The seeds can be saved and planted next year to grow more plants, or we can roast and eat them. Today we will scoop out the seeds and learn how to save them for next year. Once the seeds are removed, we will cut our squash into cube size pieces and follow the recipe to make a delicious dish. Practice using the Bear Claw technique when cutting today to keep fingers safe. (Demonstrate)
Let’s get cooking!
Procedures / Activities
Prep: peel and split open one butternut squash per station, provide one unprepped squash for observation.
- Welcome students outside the kitchen. Instruct them to wash hands and take a seat.
- Introduce the Recipe of the Month, making connections to curriculum and seasonality.
- Review knife safefy. The bearclaw technique is recommended.
- Squash is cut into cube shapes, spices and remaining ingredients are added.
- After all students have finished and the squash is on baking trays place them in the oven.
- While the squash is roasting, students learn how to save the seeds. They remove any pulp and rinse (students can rinse with a strainer and bowl at tables or use sink) cleaned seeds are placed on trays to dry.
- Students return to seats and set tables.
- Optional: serve with pumpkin seeds. Eat and enjoy!
After ending with a tasting allow students time to vote on whether they simply “like it, loved it, or tried it.”
Add an exit ticket to assess student comprehension of teaching objectives.

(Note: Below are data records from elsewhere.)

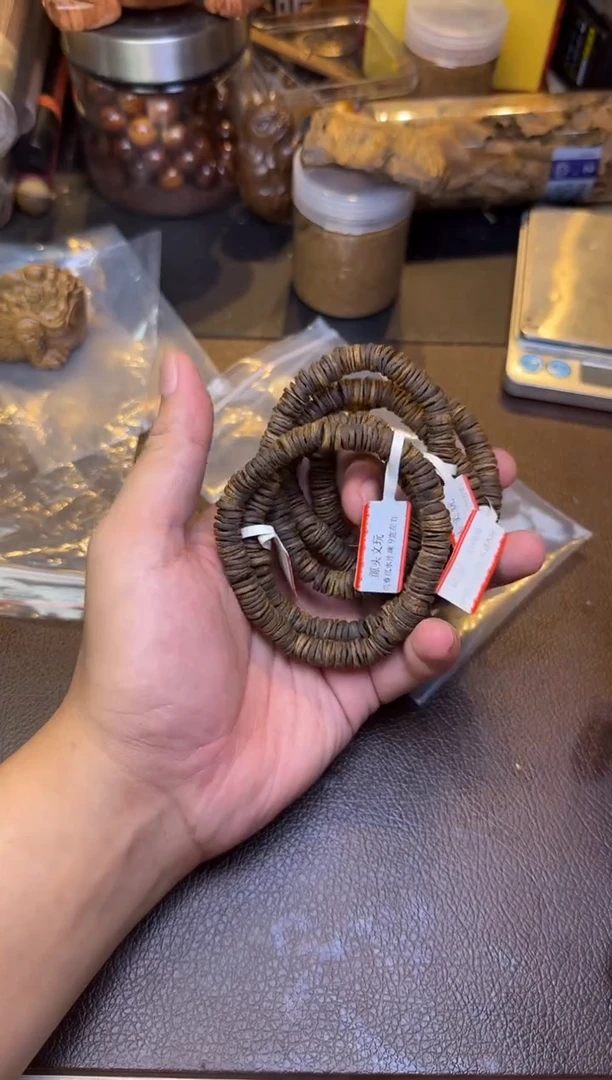 手串沉香沉水片珠随形9克左右多样性发其一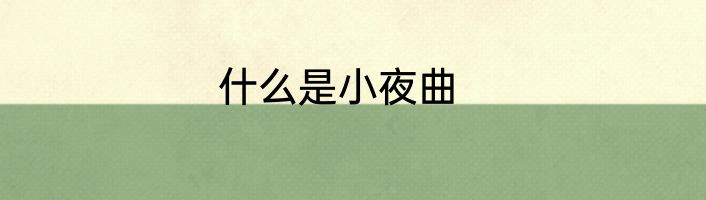 什么是小夜曲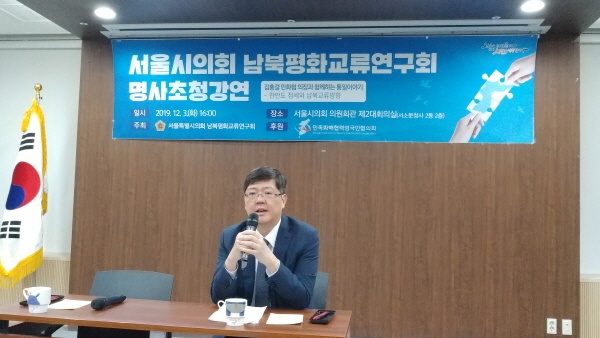 김홍걸 민화협 의장은 서울시의회 남북평화교류연구회 초청 강연에서 북미협상과 관련해 설 이전 돌파구를 마련해 3월에는 작은 합의 정도는 가능할 것으로 전망했다. 사진은 김홍걸 의장의 강연 모습.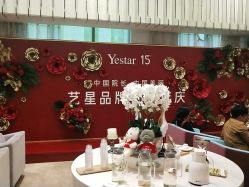 -Yestar艺星医疗美容医院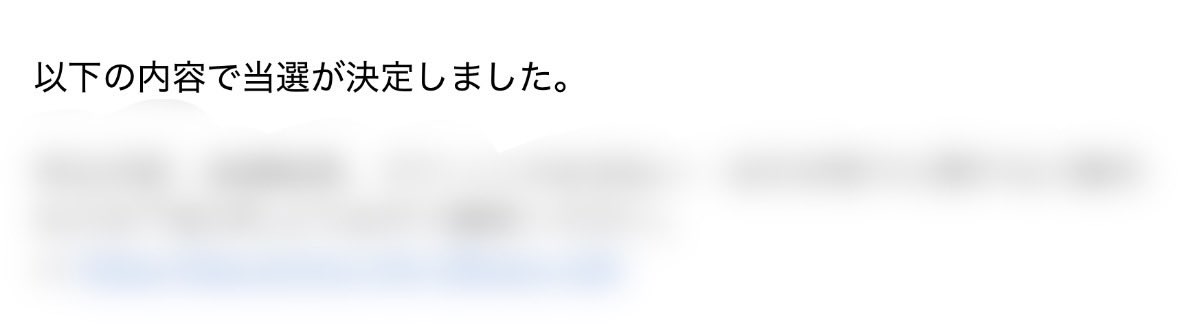ひなのん🩵🩷 tweet media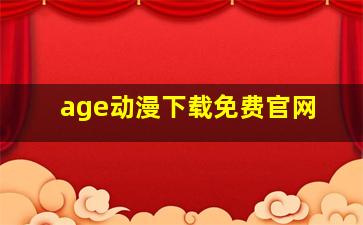 age动漫下载免费官网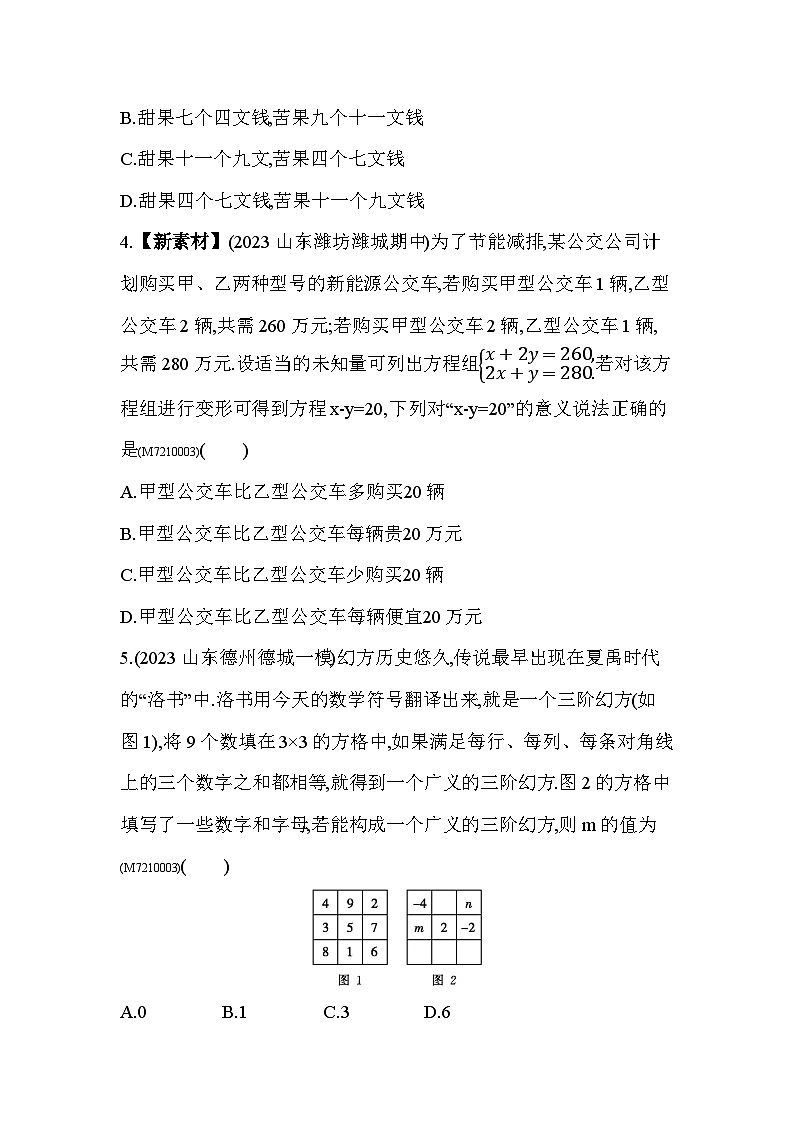 10.4 列方程组解应用题--2024年青岛版数学七年级下册精品同步练习02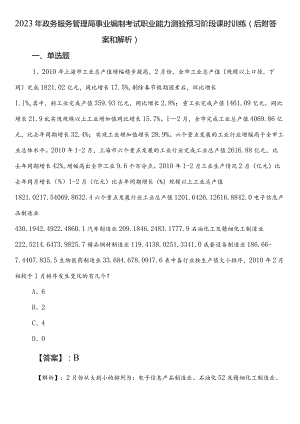 2023年政务服务管理局事业编制考试职业能力测验预习阶段课时训练（后附答案和解析）.docx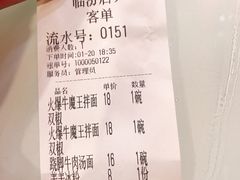 -杨记跷脚牛肉面(临汾鼓楼广场店)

Extensions / Adaptations / Games
- Students can tour garden and harvest squash where available
- Students can bring recipe cards home and prepare dish with their families
- Lower grades can connect to math by estimating how many seeds are in each squash then counting the seed on the trays and comparing the difference
- Grades covering 3D shapes can explore cubes and brainstorm other 3D shapes
- Seeds can be dried and stored for follow up lesson on preparing roasted seeds
- Follow up with lessons on different types of seed saving
Assessments / Successes / Challenges
This is a simple recipe but cutting the squash with butter knives can be challenging for younger students.